There is more than a casual link between computer people and musicians. Computers have created music since 1961 when an IBM7094 sang the song Daisy Bell (later inspiring another computer, the HAL 9000, to do the same).
[Vinod.S] wanted to create music on an STM32F407 Discovery board, but he also wanted it to play on his FM radio. He did it, and his technique was surprising and straightforward. The key is that the ARM processor on the Discovery board uses an 8MHz crystal, but internally (using a phase-locked loop, or PLL) it produces a 100MHz system clock. This happens to be right in the middle of the FM radio band. Bringing that signal back out of the chip on a spare output pin gives you the FM carrier.
That’s simple, but a carrier all by itself isn’t sufficient. You need to FM modulate the carrier. [Vinod.S] did the music playback in the usual way and fed the analog signal via a resistor to the crystal. With some experimentation, he found a value that would pull the crystal frequency enough that when multiplied up to 100MHz, it would produce the desired amount of FM deviation. You can see a video of the whole thing in action, below.

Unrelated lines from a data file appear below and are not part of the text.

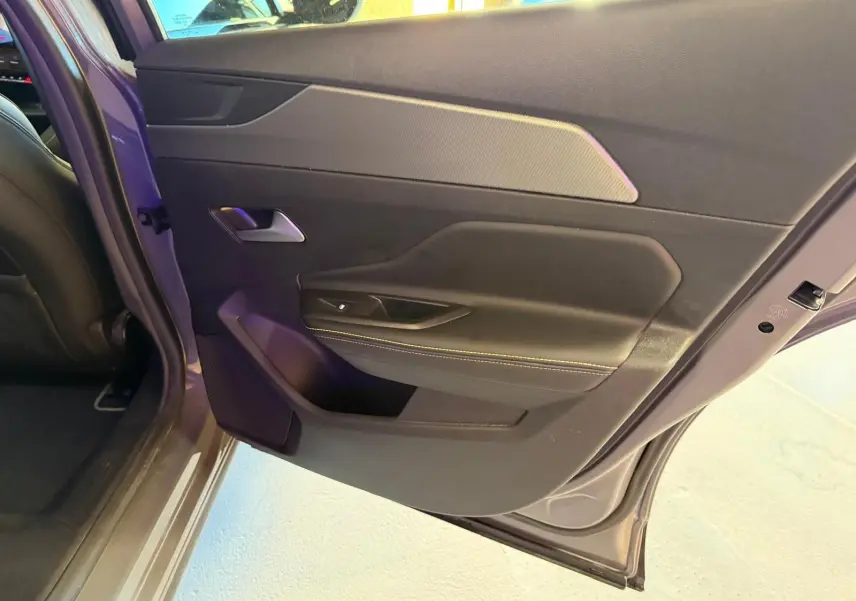 Vue rapprochée de la porte arrière gauche grise du Peugeot 408 2025 avec surpiqûres vertes et poignée argentée.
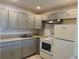 Kitchen featuring neutral cabinets and white appliances at 2501 Harn Blvd # H20, Clearwater, FL 33764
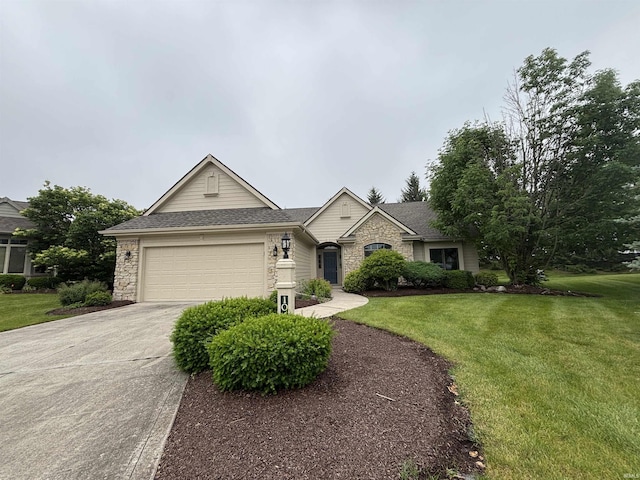 10403 Maple Springs Cv, Fort Wayne, IN 46845 - view of front of home featuring stone siding, a front yard, a garage, driveway, and a shingled roof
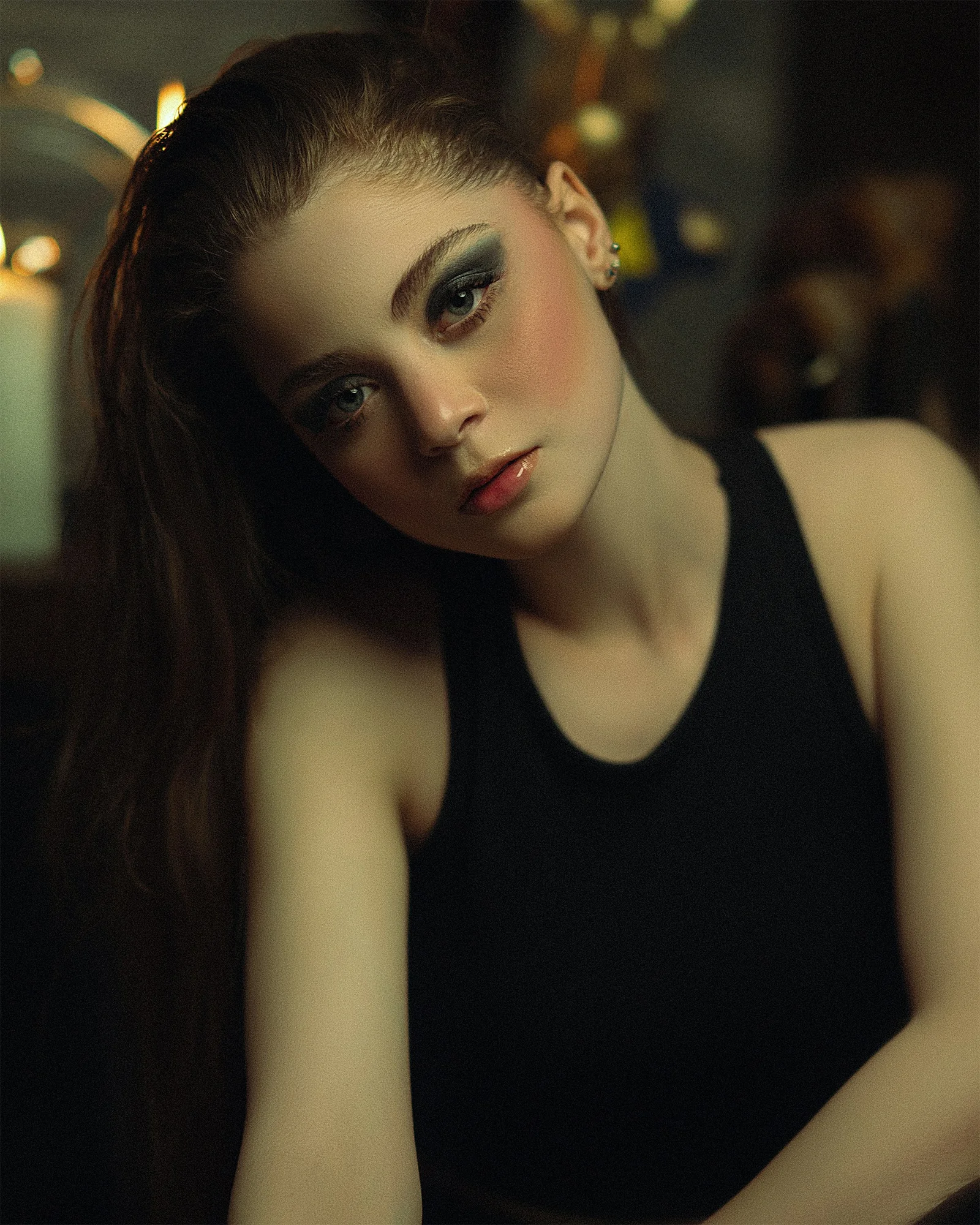 a woman in a black tank top with a candle in the background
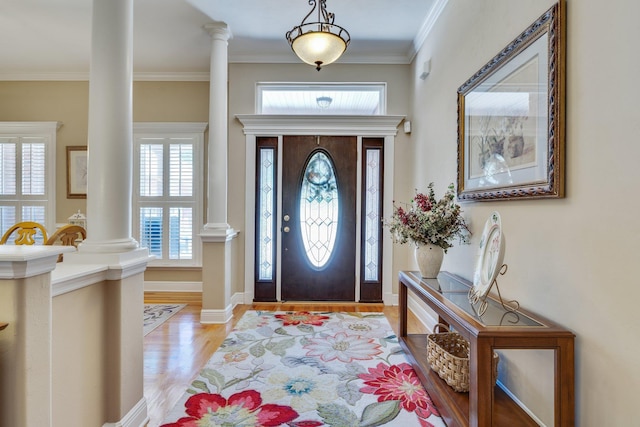 2605 Antietam Trl, Tallahassee, FL 32312 - foyer featuring decorative columns, light wood-style flooring, ornamental molding, and baseboards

Surprisingly, even this isn’t a new idea. Back in the early days of computers, it was well known that AM radios would pick up noise from an operating computer and that the right program could produce music. There’s an article about doing just that on an old Altair (although the technique predates that) and even a video of the same. Speaking of videos, there is a video of the IBM computer that would go on to inspire HAL to sing from 1961.
We cover a lot of music-oriented projects, including ones that make music humans can’t. There are plenty of regular projects, too. One word of caution: spewing out 100 MHz signals from your microcontroller might not put you on the good side of your country’s radio regulatory agency. We’d be careful designing something like this into a real product unless you were sure you knew you could pass the legal test.